Tuesday, June 17, 2008

Is The Worst Yet To Come?

A projection of the expected growth of negative home equity in the US:

That's a national average currently at 10%, expected to rise to over 15% by the second quarter of 2009! (Reaching 25% in the West?)

If these estimates are accurate, the US economy may start feeling a much more significant impact, with more foreclosures and unwillingness of people to sell their homes at a loss. Already, these effects are starting to have an impact on labor mobility in the US.

The Washington Post has more on the housing crisis, covering the boom, the bust, and the aftermath, plus more. Elsewhere, some lessons learned from the housing crisis.

Like I've said many times before, renting has a lot of perks that tend to get overlooked. Until the housing market gets settled down a bit, renting may not be a bad way to go.


thinking said...

It's very true that the housing market is in a mess right now, and one has to be careful if one is thinking of buying a home.

However, it is a good time to buy if you have sufficient cash and want a good deal. Now those deals may even get better in the short term, but it's kind of like the stock market: you want to buy low, and we are in a period of time when you can do that. But just as with stocks, it takes a certain amount of psychological courage to buy low, and you have to pick and choose wisely.

The problem with the housing market bust was not so much ownership per se, but over leveraging on the debt side.

Negative equity implies financing., through both mortgages and home equity loans, that approached or in some cases even exceeded 100% of the value of the home. That's crazy.

Add to that the fact that many loans were made at the height of folly to people who really didn't have the credit strength to qualify. Think of the loans with no income verification, now called "liar loans."

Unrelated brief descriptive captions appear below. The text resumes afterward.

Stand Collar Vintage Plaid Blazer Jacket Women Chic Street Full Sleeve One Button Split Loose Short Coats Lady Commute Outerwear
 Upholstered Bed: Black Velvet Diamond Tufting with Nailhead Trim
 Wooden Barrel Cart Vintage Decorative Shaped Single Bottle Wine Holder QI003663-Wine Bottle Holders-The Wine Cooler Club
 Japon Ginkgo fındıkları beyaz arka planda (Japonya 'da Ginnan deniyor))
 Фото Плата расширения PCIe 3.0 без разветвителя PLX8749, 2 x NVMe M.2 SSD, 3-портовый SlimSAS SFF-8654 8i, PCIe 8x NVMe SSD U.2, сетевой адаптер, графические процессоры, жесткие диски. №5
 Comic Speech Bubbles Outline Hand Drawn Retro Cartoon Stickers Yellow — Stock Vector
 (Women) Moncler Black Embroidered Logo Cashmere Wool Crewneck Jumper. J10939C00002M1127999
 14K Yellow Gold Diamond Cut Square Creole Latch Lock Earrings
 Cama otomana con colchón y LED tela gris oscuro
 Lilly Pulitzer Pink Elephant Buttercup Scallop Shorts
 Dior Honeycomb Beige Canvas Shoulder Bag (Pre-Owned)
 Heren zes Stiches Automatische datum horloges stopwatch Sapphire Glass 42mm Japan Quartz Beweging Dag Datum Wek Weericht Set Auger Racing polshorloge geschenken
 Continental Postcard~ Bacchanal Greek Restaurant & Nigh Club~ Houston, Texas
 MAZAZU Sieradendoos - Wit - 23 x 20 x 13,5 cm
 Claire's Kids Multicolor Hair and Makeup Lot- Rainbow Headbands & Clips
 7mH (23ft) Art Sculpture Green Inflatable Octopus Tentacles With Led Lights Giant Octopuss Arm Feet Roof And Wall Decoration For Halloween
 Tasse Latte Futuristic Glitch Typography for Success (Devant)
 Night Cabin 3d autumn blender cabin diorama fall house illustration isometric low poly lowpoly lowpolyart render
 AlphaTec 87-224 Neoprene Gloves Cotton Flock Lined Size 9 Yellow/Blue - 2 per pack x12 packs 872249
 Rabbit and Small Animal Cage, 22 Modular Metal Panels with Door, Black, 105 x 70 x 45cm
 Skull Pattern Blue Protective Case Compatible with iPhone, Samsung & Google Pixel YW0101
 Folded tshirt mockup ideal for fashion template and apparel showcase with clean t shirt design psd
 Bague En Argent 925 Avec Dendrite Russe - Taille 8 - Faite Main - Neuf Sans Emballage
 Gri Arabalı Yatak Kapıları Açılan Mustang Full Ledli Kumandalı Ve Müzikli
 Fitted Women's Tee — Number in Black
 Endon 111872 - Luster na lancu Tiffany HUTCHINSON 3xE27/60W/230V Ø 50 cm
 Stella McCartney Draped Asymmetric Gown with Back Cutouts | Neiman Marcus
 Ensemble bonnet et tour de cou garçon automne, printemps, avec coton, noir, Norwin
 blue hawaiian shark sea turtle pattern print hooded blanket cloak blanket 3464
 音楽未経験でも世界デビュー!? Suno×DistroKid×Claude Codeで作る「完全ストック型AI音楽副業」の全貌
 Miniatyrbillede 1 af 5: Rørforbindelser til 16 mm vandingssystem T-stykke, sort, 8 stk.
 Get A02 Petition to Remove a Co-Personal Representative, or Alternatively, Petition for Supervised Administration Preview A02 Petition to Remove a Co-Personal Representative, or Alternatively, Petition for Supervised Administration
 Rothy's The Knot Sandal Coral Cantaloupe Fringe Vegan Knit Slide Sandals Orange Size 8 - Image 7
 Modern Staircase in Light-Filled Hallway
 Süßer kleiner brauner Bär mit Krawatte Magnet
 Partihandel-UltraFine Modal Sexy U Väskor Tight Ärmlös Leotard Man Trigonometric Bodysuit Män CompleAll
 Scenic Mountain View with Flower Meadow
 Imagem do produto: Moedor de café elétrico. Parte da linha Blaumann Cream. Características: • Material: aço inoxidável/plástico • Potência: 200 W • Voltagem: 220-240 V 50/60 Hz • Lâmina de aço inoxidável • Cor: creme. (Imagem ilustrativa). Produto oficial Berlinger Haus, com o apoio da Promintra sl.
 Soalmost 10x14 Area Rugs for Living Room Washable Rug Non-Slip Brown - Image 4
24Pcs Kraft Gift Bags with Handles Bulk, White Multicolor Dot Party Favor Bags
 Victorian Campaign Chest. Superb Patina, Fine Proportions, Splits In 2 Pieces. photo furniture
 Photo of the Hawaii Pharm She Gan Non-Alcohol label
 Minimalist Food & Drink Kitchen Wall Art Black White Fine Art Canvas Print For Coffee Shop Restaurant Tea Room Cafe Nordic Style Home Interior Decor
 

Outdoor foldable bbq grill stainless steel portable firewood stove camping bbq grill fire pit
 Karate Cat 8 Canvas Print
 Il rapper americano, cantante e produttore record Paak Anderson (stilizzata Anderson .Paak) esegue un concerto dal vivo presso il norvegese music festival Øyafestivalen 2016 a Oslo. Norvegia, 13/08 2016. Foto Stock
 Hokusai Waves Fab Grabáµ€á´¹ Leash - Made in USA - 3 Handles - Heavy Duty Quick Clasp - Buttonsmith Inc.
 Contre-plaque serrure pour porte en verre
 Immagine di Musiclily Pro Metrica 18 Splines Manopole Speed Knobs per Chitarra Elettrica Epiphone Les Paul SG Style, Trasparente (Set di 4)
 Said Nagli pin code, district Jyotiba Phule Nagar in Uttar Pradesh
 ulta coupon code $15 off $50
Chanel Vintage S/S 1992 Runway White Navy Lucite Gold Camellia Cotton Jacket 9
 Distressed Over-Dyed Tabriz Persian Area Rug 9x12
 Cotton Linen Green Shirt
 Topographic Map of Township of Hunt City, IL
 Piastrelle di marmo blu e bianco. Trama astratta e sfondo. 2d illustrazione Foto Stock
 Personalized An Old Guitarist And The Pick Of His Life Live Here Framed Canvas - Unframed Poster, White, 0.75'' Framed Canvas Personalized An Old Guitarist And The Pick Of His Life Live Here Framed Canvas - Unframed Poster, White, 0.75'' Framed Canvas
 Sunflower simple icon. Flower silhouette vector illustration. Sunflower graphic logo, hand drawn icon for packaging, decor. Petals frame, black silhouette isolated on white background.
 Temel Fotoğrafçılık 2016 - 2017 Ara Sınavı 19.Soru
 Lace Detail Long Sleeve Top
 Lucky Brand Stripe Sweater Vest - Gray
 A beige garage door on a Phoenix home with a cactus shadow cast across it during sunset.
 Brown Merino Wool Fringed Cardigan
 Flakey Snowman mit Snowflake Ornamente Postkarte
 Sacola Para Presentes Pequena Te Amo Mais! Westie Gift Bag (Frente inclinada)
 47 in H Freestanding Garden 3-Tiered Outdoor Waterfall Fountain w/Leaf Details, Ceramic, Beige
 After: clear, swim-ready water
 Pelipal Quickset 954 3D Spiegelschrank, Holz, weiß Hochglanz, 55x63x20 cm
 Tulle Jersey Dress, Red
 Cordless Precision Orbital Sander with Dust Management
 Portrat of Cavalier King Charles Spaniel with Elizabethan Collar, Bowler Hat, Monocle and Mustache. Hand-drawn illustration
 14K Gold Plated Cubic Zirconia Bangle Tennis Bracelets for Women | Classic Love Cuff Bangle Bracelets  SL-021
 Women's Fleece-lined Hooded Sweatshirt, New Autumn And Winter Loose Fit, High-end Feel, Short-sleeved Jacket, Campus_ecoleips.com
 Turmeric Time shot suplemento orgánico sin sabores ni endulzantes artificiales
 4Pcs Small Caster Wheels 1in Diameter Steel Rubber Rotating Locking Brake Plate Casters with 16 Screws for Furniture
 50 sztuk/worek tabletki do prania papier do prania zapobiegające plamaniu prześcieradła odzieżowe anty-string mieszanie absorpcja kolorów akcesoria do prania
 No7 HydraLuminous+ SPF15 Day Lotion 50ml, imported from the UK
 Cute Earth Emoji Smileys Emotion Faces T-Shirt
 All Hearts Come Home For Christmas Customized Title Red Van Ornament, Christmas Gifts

Ironically, now is one of the safest times to get a home loan, since most lenders have tightened their standards considerably. If you can qualify, you probably meet pretty high standards.

But in reality, the housing market mess is one created by the credit markets, not the housing market.

Dr. N said...

Yahoo! The housing bust isn't bad news for everyone. Since I'm at least a year away from buying, I'm hoping to see prices drop some more.